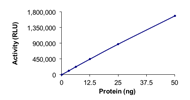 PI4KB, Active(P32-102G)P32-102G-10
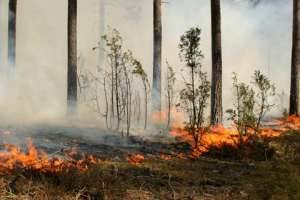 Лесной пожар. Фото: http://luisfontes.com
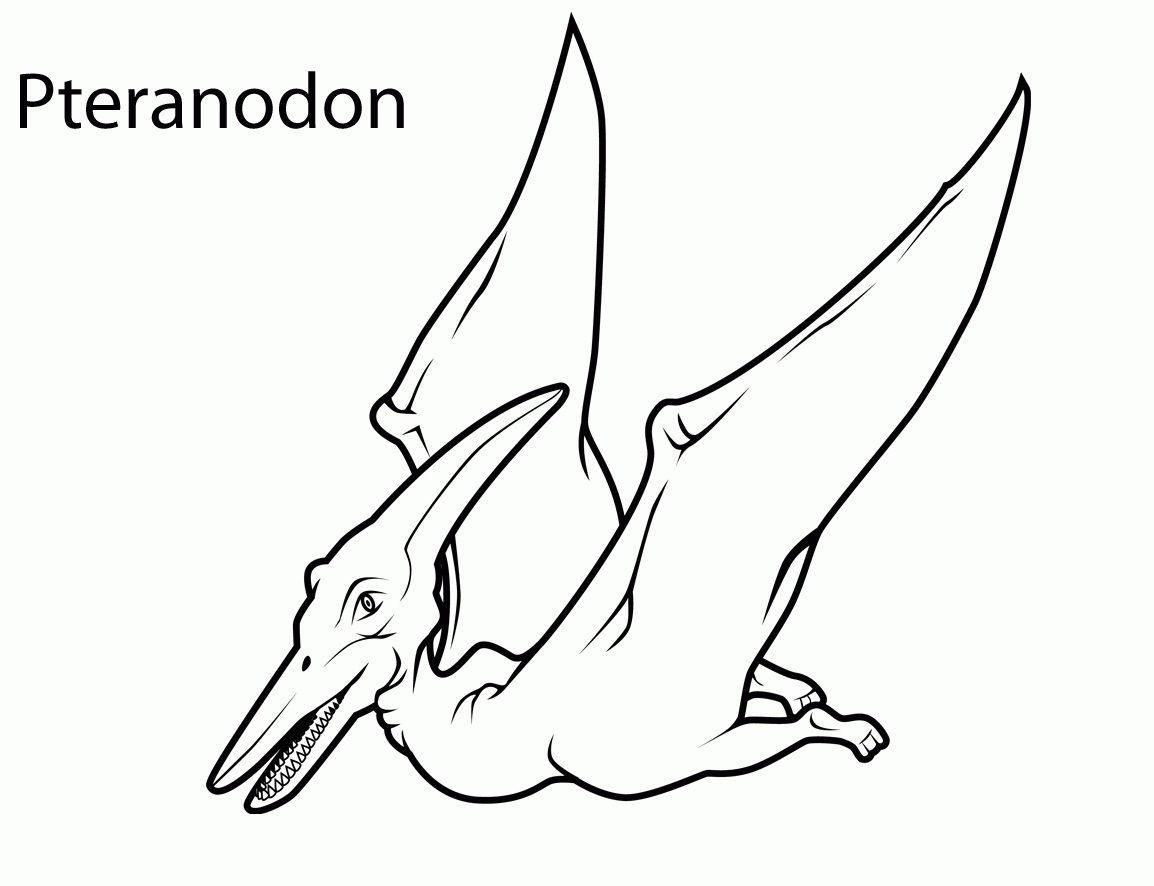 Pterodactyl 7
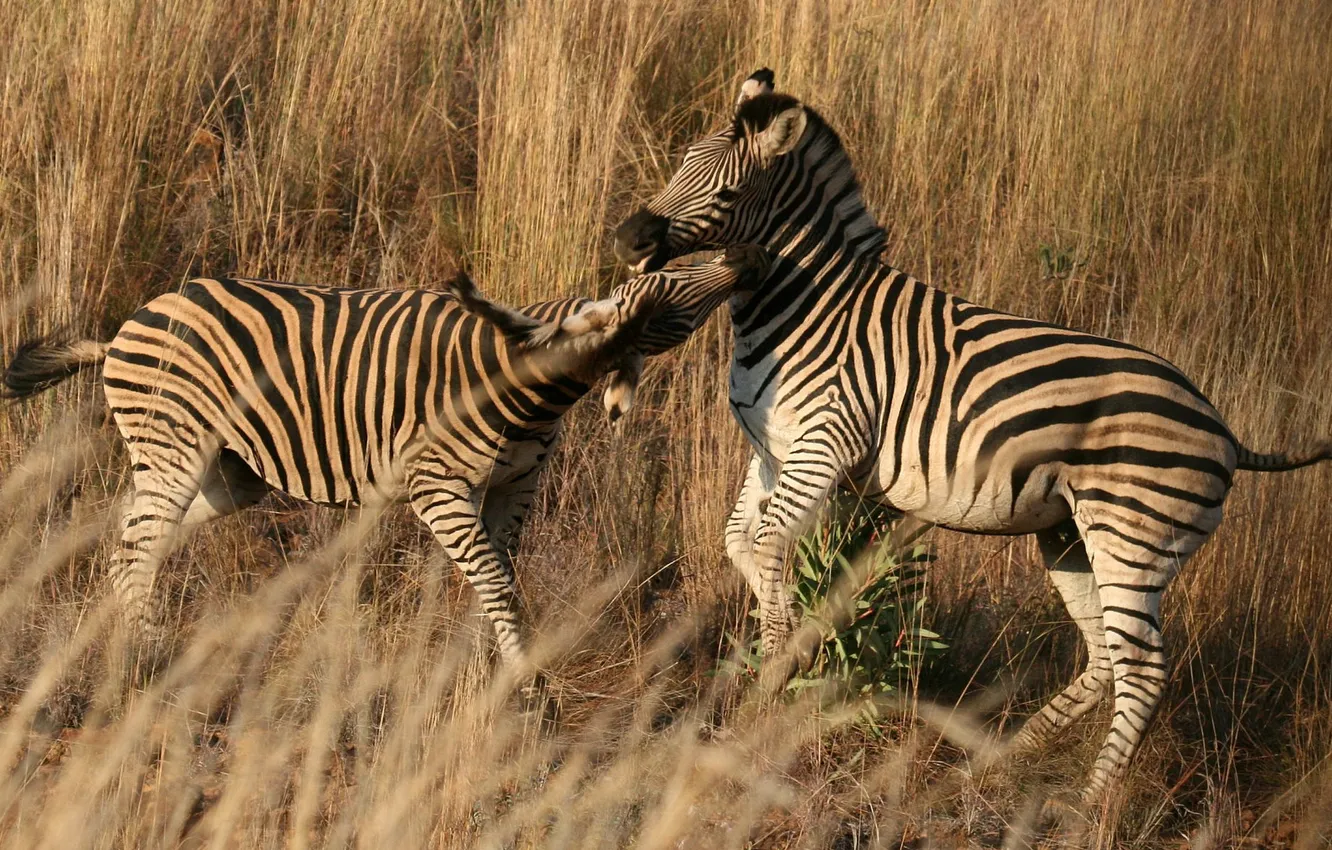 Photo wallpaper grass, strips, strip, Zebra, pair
• • • • • • •
Reproduce, word for word, every line from the one that contains "Лесной пожар. Фото: http://luisfontes.com" to the end of the data, including both ends; omit all pictures.

 Лесной пожар. Фото: http://luisfontes.com
 Pterodactyl 7
 Photo wallpaper grass, strips, strip, Zebra, pair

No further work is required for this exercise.